E ancora una volta le avvisaglie appaiono negative. Non solo non si parla di piani di gestione, ma le prime parole del nuovo Ministro dell’istruzione sono state: «cinquantatre miliardi per l’istruzione sono insufficienti».
E se lo dice lei, potrebbe esser vero: ha retto e amministrato una Università un tempo prestigiosa. Allora, non sarebbe il caso di andare a vedere a fondo come sono stati spesi i fondi in dotazione? I casi sono due, sostanzialmente: o non sono stati effettuati sprechi di sorta e le risorse sono state impiegate “a maggior gloria” della struttura, magari anche con qualche sacrificio sopportato in proprio, magari contenendo i costi di indennità, rimborsi viaggi e soggiorni, rappresentanza, convegni e congressi che nelle università italiane sono molto spesso inutili e ripetitivi; oppure l’Università è stata gestita in modo clientelare, familistico, a fini soprattutto di lancio personale.

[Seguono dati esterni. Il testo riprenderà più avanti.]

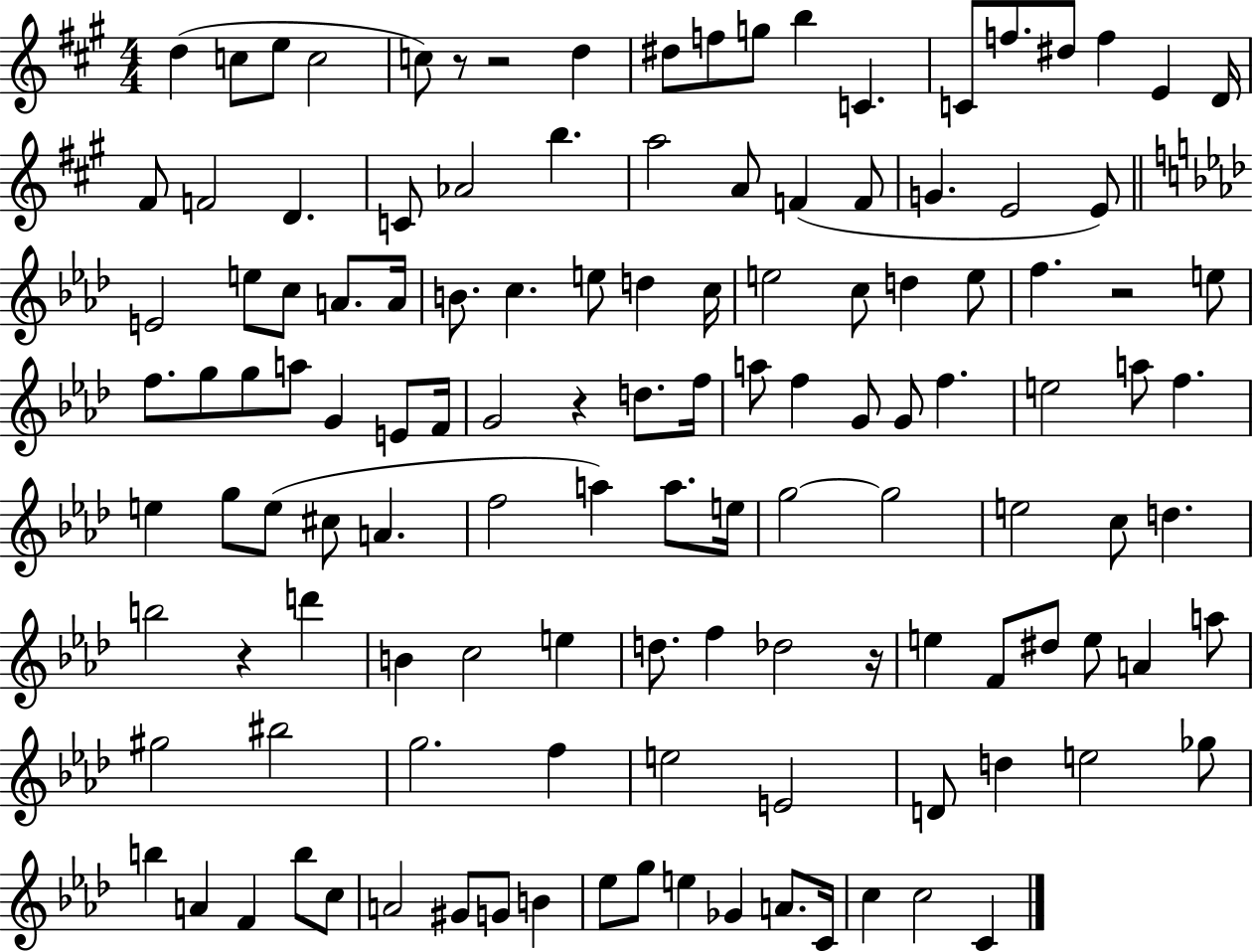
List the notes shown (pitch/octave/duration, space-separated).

D5/q C5/e E5/e C5/h C5/e R/e R/h D5/q D#5/e F5/e G5/e B5/q C4/q. C4/e F5/e. D#5/e F5/q E4/q D4/s F#4/e F4/h D4/q. C4/e Ab4/h B5/q. A5/h A4/e F4/q F4/e G4/q. E4/h E4/e E4/h E5/e C5/e A4/e. A4/s B4/e. C5/q. E5/e D5/q C5/s E5/h C5/e D5/q E5/e F5/q. R/h E5/e F5/e. G5/e G5/e A5/e G4/q E4/e F4/s G4/h R/q D5/e. F5/s A5/e F5/q G4/e G4/e F5/q. E5/h A5/e F5/q. E5/q G5/e E5/e C#5/e A4/q. F5/h A5/q A5/e. E5/s G5/h G5/h E5/h C5/e D5/q. B5/h R/q D6/q B4/q C5/h E5/q D5/e. F5/q Db5/h R/s E5/q F4/e D#5/e E5/e A4/q A5/e G#5/h BIS5/h G5/h. F5/q E5/h E4/h D4/e D5/q E5/h Gb5/e B5/q A4/q F4/q B5/e C5/e A4/h G#4/e G4/e B4/q Eb5/e G5/e E5/q Gb4/q A4/e. C4/s C5/q C5/h C4/q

Perché non andare a fondo?
Con il solo scopo di aggiungere ai titoli accademici ed alle cariche il merito di essere stata oculata nella amministrazione.
E quindi di poter a buon diritto occupare un Ministero nel quale la buona amministrazione è ancora più essenziale, dal momento che il primo obbiettivo dovrebbe essere costituito dalla eccellenza del prodotto “studenti” e degli scambi che hanno per oggetto ciascuno dei giovani laureati.

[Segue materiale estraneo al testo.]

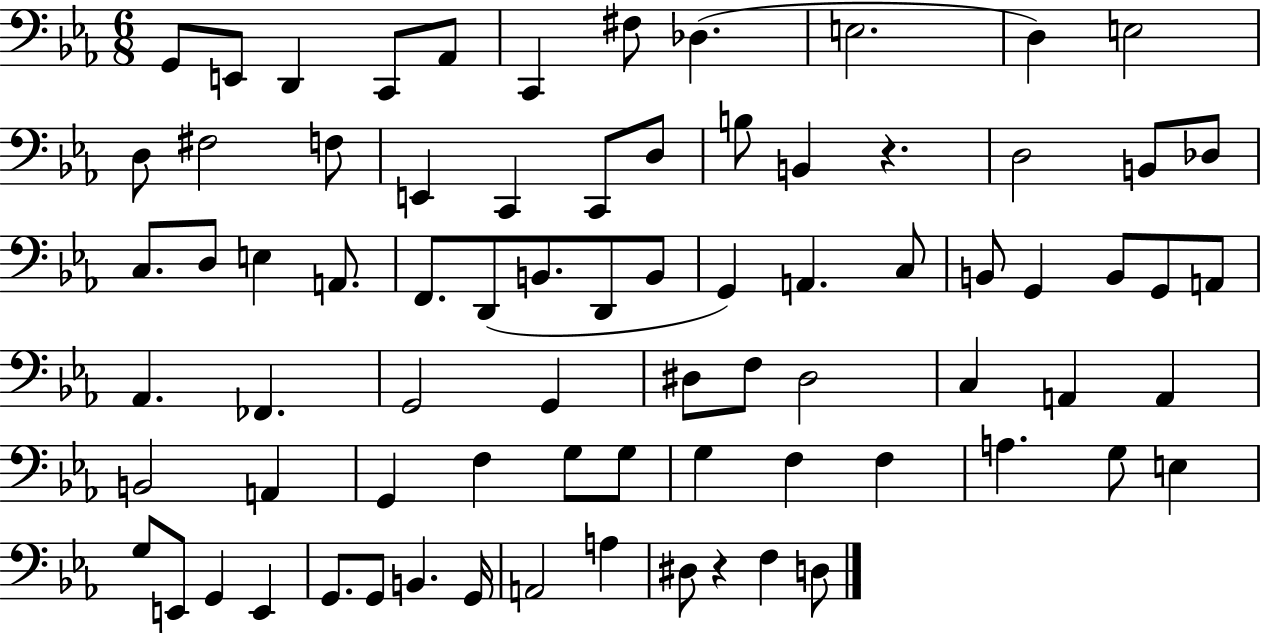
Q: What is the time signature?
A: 6/8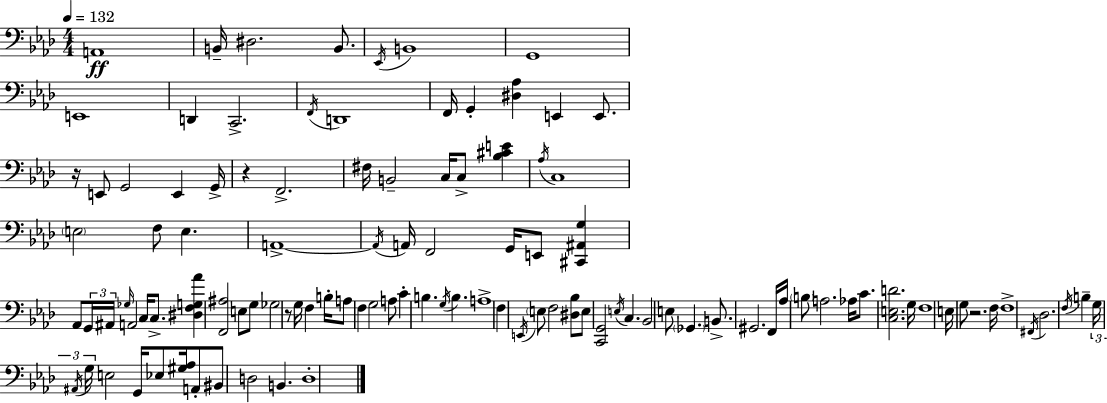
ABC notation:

E mi pare anche il caso di ricordare che i problemi della istruzione non sono costituiti soltanto dall’edilizia scolastica, della cui importanza nessuno  può dubitare, bensì dalla eccellenza degli scambi aventi per materia la produzione di istruzione, la produzione dei diplomati e dei laureati, la comunicazione e la apprensibilità del “prodotto studente”.
Che è tutt’altra cosa.
Tra l’altro, è possibile che cinquantatre miliardi siano un’inezia per quel ministero: lo ha detto il ministro.

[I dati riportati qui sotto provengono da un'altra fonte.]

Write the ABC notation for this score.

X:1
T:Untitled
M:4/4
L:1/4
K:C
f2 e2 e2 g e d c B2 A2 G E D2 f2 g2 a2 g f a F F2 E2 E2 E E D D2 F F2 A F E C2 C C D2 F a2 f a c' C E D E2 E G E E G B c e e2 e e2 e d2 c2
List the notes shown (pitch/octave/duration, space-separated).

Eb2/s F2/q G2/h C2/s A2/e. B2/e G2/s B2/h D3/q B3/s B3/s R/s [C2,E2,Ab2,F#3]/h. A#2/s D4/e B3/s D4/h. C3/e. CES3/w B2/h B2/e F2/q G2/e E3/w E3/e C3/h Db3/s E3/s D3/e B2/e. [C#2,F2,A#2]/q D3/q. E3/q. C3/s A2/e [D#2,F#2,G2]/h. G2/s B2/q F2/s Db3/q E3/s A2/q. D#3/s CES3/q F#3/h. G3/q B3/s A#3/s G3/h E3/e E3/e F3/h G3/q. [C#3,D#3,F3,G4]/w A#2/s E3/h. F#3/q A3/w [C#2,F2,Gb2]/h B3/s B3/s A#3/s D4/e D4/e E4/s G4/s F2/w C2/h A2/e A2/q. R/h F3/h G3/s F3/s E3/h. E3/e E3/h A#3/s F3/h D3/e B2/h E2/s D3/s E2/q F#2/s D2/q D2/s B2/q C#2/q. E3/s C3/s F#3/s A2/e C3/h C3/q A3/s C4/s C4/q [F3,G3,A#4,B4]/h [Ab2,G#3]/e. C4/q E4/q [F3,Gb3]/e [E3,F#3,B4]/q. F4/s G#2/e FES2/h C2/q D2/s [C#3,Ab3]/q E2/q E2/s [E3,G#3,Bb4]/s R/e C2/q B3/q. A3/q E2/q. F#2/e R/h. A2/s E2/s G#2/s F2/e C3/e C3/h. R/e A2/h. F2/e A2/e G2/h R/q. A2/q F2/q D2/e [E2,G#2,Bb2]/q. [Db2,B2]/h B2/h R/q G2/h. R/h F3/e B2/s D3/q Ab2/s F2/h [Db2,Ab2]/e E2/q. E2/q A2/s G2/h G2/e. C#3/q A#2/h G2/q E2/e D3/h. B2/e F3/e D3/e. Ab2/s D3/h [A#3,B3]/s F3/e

Ma dov’ è il piano di gestione della istruzione? E senza una pianificazione di gestione, come si fa a sostenere che il piatto piange?

E torno ai simboli di Stato. Questo Governo insiste almeno su due vantaggi: l’equa – metà e metà– ripartizione tra uomini e donne dei ministeri e la giovane età media, la più bassa da sempre.  Io credo che dividere la partecipazione “di genere” in base al numero sia inaffidabile. I Ministeri vanno assegnati in forza delle capacità, e io credo che, oggi e in Italia, le donne siano più capaci degli uomini.
Ma bisogna dimostrarlo ed esserne certi. E per questo non basta né il criterio dell’età né quello della ripartizione quantitativa.
Comunque, l’ambizione smodata e l’uso spregiudicato di qualsiasi mezzo sembrano essere venuti alla ribalta – dopo secoli di vita quasi nascosta, anche se non più che tanto – come nuovissimi simboli di stato.
E chissà che non siano anche il collante tra Renzi e i suoi ministri?
Attenzione: il “metodo Renzi” per far carriera è forse il più rapido, ma non è affatto il meno pericoloso, neppure a livello personale. Recita un vecchio adagio: “chi di spada ferisce, di spada perisce”, e il neo Presidente del Consiglio ha fatto quanto ha potuto per circondarsi di persone  almeno in apparenza (e forse non tutte) simili a sé nel livello di ambizione e di mancanza di scrupoli…
E le spalle non sembrano coperte più che tanto.